SAMPIT – Pendangkalan alur Sungai Mentaya dinilai mulai memberi dampak serius terhadap aktivitas ekonomi di Kabupaten Kotawaringin Timur (Kotim). Kondisi sungai yang semakin dangkal membuat aktivitas kapal menuju pelabuhan di wilayah tersebut belum bisa berjalan maksimal.
Anggota DPRD Kabupaten Kotawaringin Timur, Zainuddin, mengatakan kondisi alur Sungai Mentaya dari muara di perairan Ujung Pandaran hingga kawasan Pelangsian sudah cukup lama tidak dilakukan pengerukan. Menurutnya, hal tersebut perlu menjadi perhatian pemerintah pusat karena dampaknya dirasakan langsung oleh masyarakat dan pelaku usaha.
“Dari muara di perairan Ujung Pandaran sampai ke Pelangsian sudah cukup lama belum dikeruk. Kami berharap pemerintah pusat memperhatikan ini,” ujar Zainuddin, Kamis 5 Maret 2026.

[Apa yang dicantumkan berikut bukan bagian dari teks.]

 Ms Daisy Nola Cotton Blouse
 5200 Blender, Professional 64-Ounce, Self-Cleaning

Ia menjelaskan, pendangkalan sungai tidak hanya berdampak pada aktivitas pelayaran, tetapi juga berpotensi memperparah banjir di kawasan bantaran sungai. Ketika musim hujan atau saat air laut pasang, air sungai lebih mudah meluap karena daya tampungnya berkurang.

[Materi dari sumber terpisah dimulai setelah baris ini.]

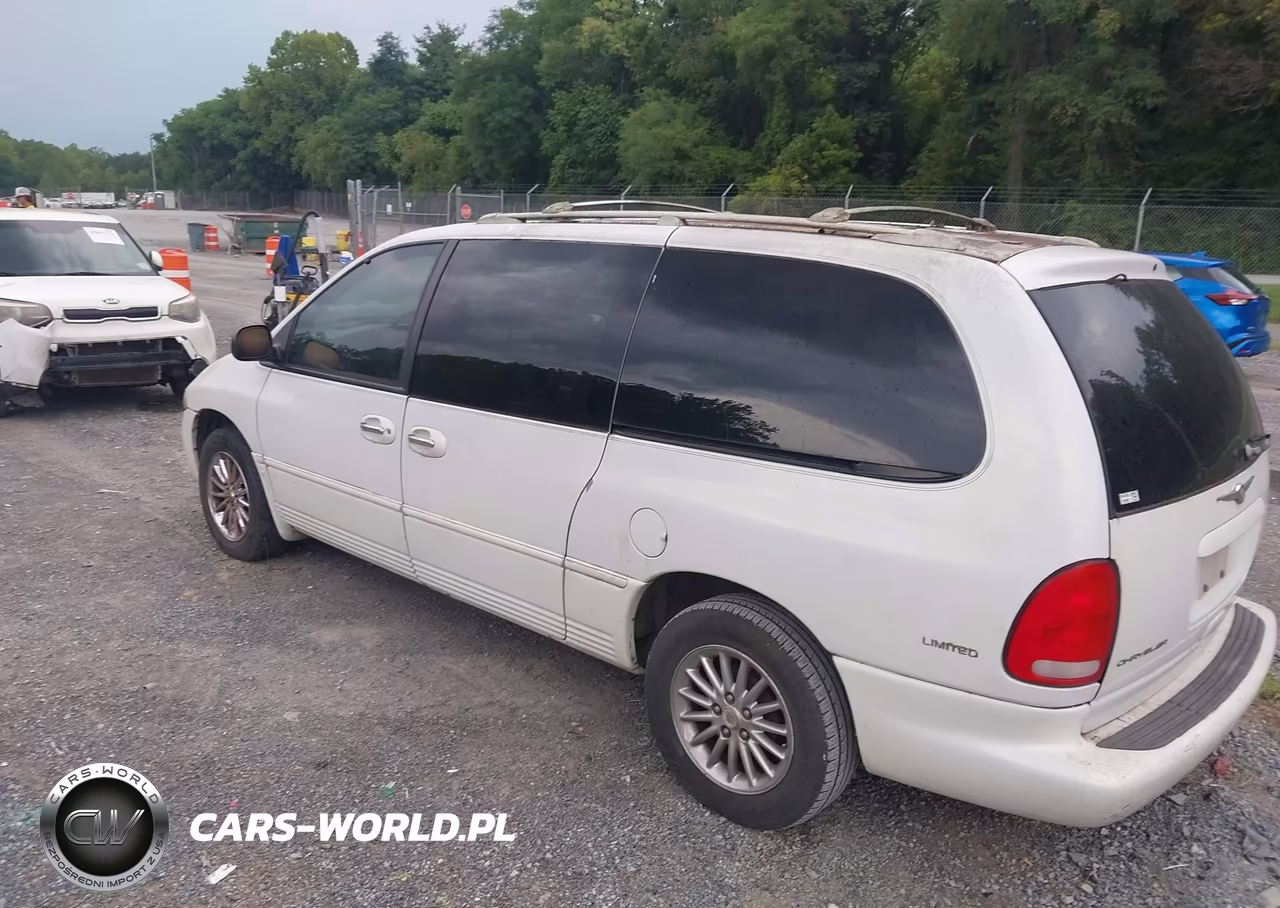 1999 Chrysler Town & Country Limited VIN:1C4GP64L5XB531534 - 3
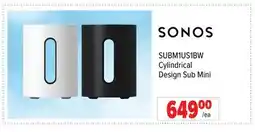 2001 Audio Video SUBM1US1BW Cylindrical Design Sub Mini offer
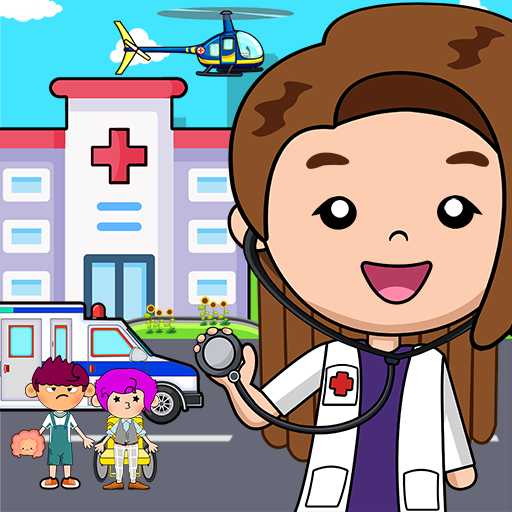My Hospital City Pretend Town logo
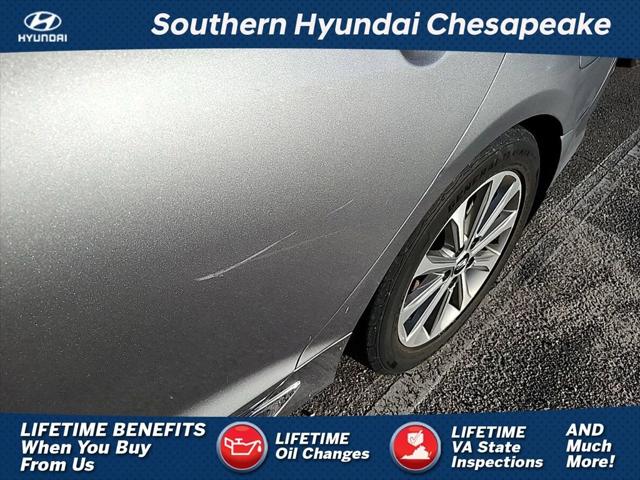2017 Hyundai Sonata Limited 2017 Hyundai Sonata Limited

Akibatnya, sejumlah kawasan di sepanjang bantaran Sungai Mentaya kerap terdampak genangan yang mengganggu aktivitas masyarakat, termasuk jalan dan permukiman warga.
Di sisi lain, kondisi alur sungai yang dangkal juga membuat kapal yang hendak menuju Pelabuhan Bagendang maupun Pelabuhan Sampit tidak bisa melintas secara bebas. Kapal-kapal tersebut umumnya harus menunggu air pasang sebelum berlayar menyusuri sungai agar tidak kandas di titik-titik yang dangkal.

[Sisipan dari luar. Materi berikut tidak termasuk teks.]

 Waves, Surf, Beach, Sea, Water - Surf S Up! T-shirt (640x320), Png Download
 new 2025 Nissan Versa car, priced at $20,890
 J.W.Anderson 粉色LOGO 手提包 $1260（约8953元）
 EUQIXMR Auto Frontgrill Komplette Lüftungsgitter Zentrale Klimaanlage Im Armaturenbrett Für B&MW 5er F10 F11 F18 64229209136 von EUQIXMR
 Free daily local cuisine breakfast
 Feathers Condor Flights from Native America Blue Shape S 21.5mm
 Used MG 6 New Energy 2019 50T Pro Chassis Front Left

Situasi tersebut membuat aktivitas logistik dan distribusi barang menjadi kurang efisien. Bahkan, sebagian pelaku usaha memilih mengalihkan pengiriman kargo melalui Pelabuhan Kumai yang dinilai memiliki jalur pelayaran lebih lancar.
“Di Kotim masih bergantung jadwal pasang surut sungai. Ini tentu berdampak pada kegiatan ekonomi,” tambahnya.
Sebagai wakil rakyat dari daerah pemilihan wilayah selatan Kotim, Zainuddin mengaku cukup memahami persoalan tersebut karena wilayahnya meliputi kecamatan yang berada di jalur menuju pelabuhan, yakni Teluk Sampit, Pulau Hanaut, Mentaya Hilir Selatan dan Mentaya Hilir Utara.
Ia berharap pemerintah pusat segera melakukan pengerukan pada titik-titik alur sungai yang mengalami pendangkalan agar kapal dapat melintas lebih leluasa tanpa harus bergantung pada pasang surut air.
“Kapal-kapal yang keluar masuk sering terkendala sehingga harus menunggu di muara hingga air pasang. Karena itu pengerukan sungai sangat diperlukan,” tegasnya.
Sementara itu, berdasarkan data Dinas Perhubungan setempat, kedalaman Sungai Mentaya saat ini berkisar minus 4 meter LWS (Low Water Spring) atau kondisi air pasang terendah. Dengan kedalaman tersebut, kapal kargo yang dapat masuk maksimal sekitar 3.000 DWT (Dead Weight Tonnage), sedangkan tongkang sekitar 5.000 DWT.
Kapal yang akan menuju pelabuhan biasanya harus menunggu di kawasan muara ketika air surut, hingga kondisi kembali pasang agar bisa melintasi alur sungai menuju pelabuhan di Kotim.